LOOP packet The real-time data coming off the weather station. The terminology "LOOP" comes from the Davis series. A LOOP packet can contain all observation types, or it may contain only some of them ("Partial packet").
observation type A physical quantity measured by a weather station (e.g., outTemp) or something derived from it (e.g., dewpoint).
skin_dict All configuration information used by a particular skin is stored in the skin configuration file, usually with the name skin.conf. By convention, when this file is read into the program, it is called skin_dict, an instance of the class configobj.ConfigObj.
SQL type A type that appears in the SQL database. This usually looks something like outTemp, barometer, extraTemp1, and so on.
standard unit system A complete set of units used together.

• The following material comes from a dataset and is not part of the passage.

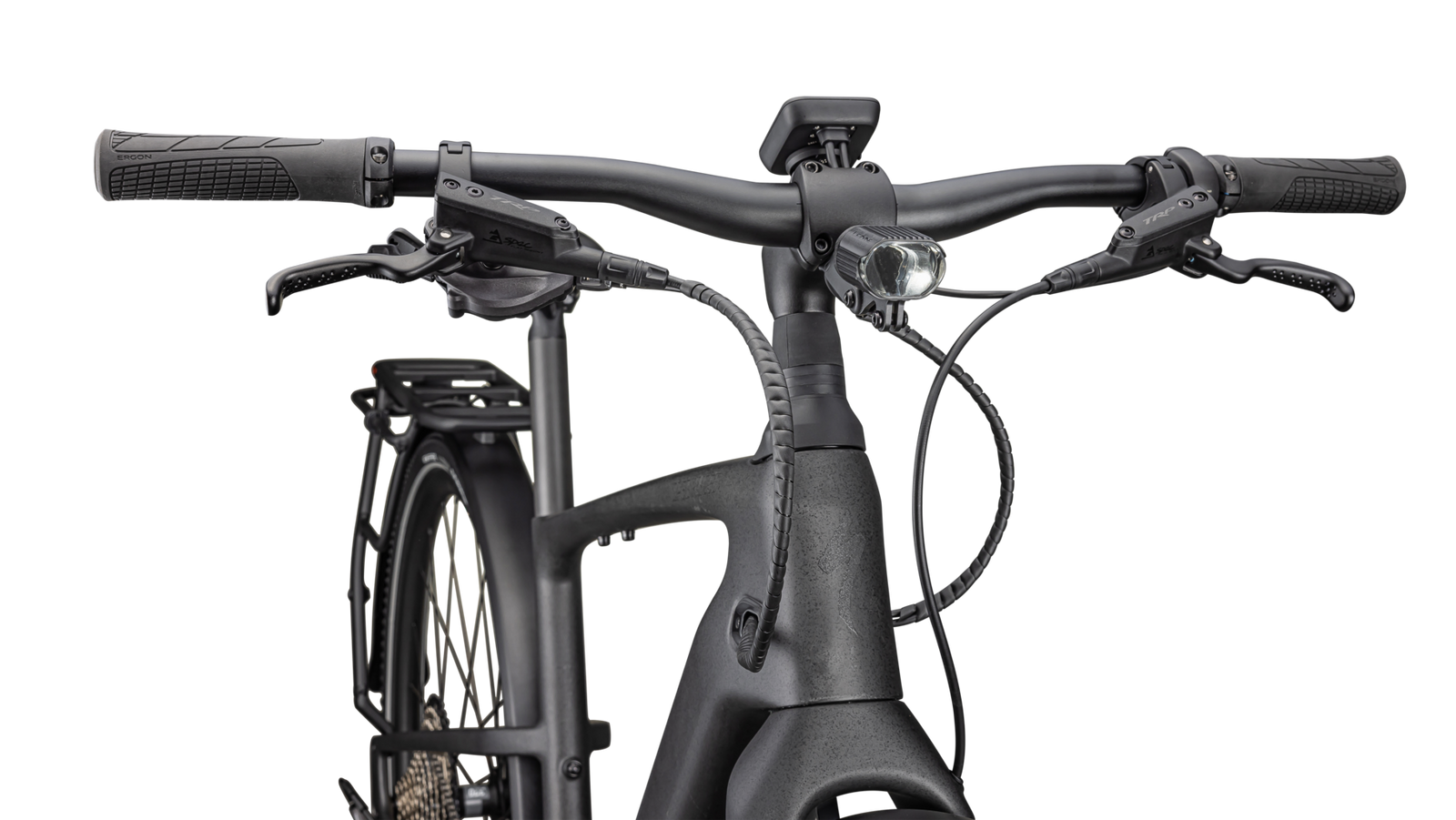 SPECIALIZED Turbo Vado SL 2 6.0 EQ Carbon Ebike - SATIN BLACK SPECKLE OVER CARBON / DOLOMITE METALLIC FROST REFLECTIVE
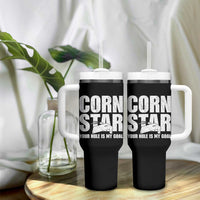Inappropriate Cornhole Tumbler With Handle Funny Adult Humor Cornstar Your Hole Is My Goal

Either US, METRIC, or METRICWX.
time stamp A variable in unix epoch time. Always in UTC. Variables carrying a time stamp usually have a suffix _ts.
tuple-time An instance of the Python object time.struct_time. This is a 9-wise tuple that represent a time. It could be in either local time or UTC, though usually the former. See module time for more information. Variables carrying tuple time usually have a suffix _tt.
value tuple A 3-way tuple. First element is a value, second element the unit type the value is in, the third the unit group. An example would be (21.2, 'degree_C', 'group_temperature').